We are Master students.


## Task 1: Ridge Regression for Polynomial 2D Functions

Each line in the data sets consists of a data entry `(x,y)` with a 2D point `x` and a 1D function output `y`.

In [39]:
# Load required packages and datasets. Do not modify.
import numpy as np


def load_dataset(path):
    data = np.loadtxt(path)
    X, y = data[:, :2], data[:, 2]
    
    return X, y
    

X_lin, y_lin = load_dataset("dataLinReg2D.txt")
X_quad, y_quad = load_dataset("dataQuadReg2D.txt")
X_noise, y_noise = load_dataset("dataQuadReg2D_noisy.txt")
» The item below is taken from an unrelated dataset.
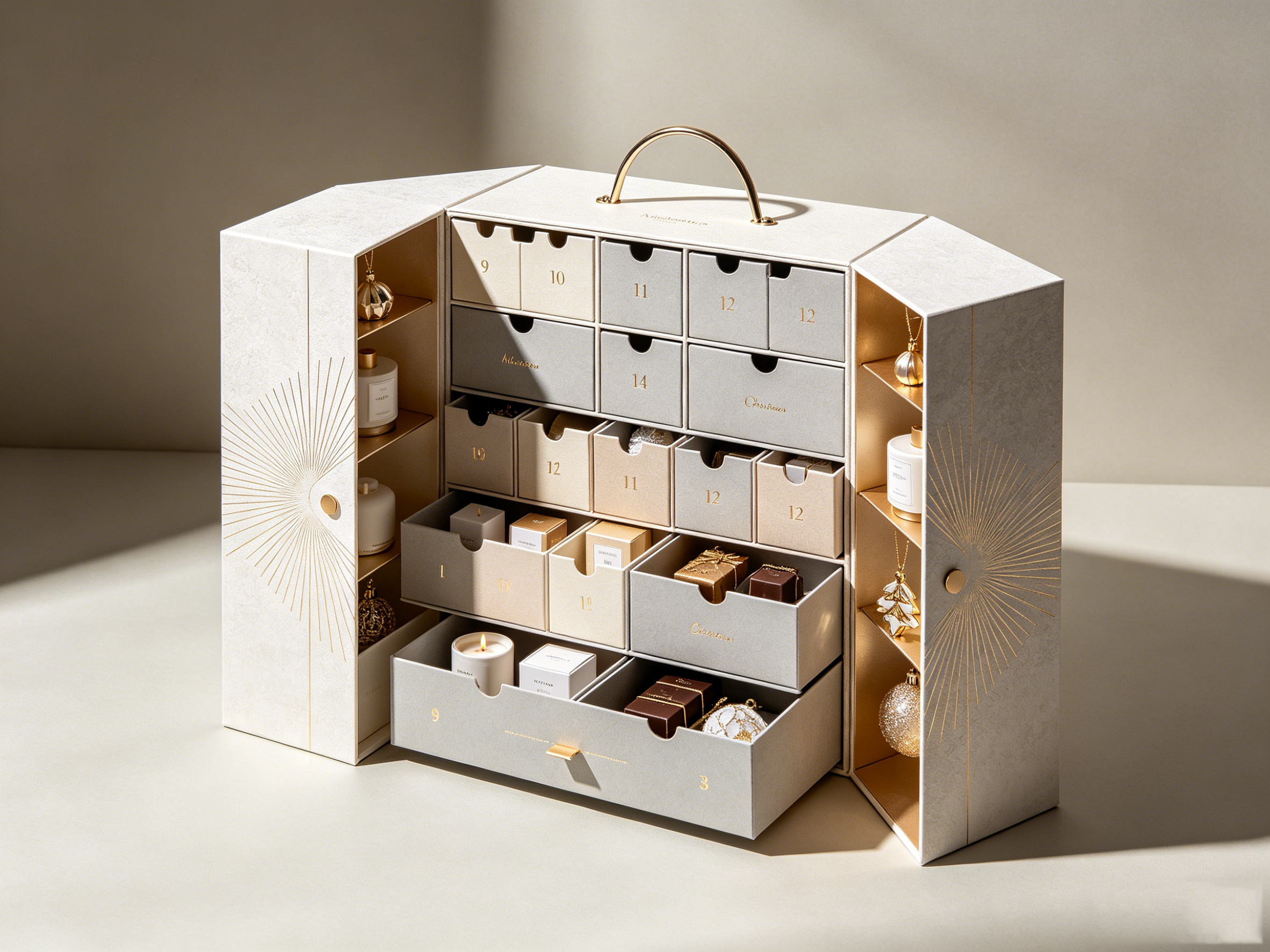 Customizable Sage Green &amp; Gold Foil Advent Calendar Box, Premium Fold-Out Christmas Calendar Packaging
1) Extend the `make_features` method to also compute quadratic features (`ftype = 'quad'`). You may also experiment with other feature transformations, e.g. third-order polynomials.

In [40]:
def make_features(X, ftype='lin'):
    n, d = X.shape
    
    if ftype == 'lin': # Linear feature transformation (including intercept)
        Phi = np.empty((n, d+1))
        Phi[:, 0] = 1
        Phi[:, 1:] = X
        
    elif ftype == 'quad':  # Quadratic feature transformation
        # Implement for task 1.1.
        Phi_linear = np.hstack((np.ones((n, 1)), X))
        
        res=np.zeros((n, np.sum(range(d+1))))
        k=0
        #quad part
        for i in range(d):
            for j in range(i,d):
                res[:,k]=np.multiply(X[:,i], X[:,j])  
                k+=1
                
        Phi = np.hstack((Phi_linear,res))
        
    
    elif ftype == 'nasa':
        # Implement for task 2.2.
        
        from sklearn.preprocessing import PolynomialFeatures
        poly = PolynomialFeatures(4)
        poly_fit=poly.fit_transform(X)
        Phi = np.hstack((poly_fit,np.tanh(X)))

        
    
    else:
        raise Exception('Feature type {} not implemented yet'.format(ftype))
    
    return Phi

2) Implement Ridge Regression to fit a polynomial function to the data sets with the regularization parameter `lambda_` and feature type `ftype`.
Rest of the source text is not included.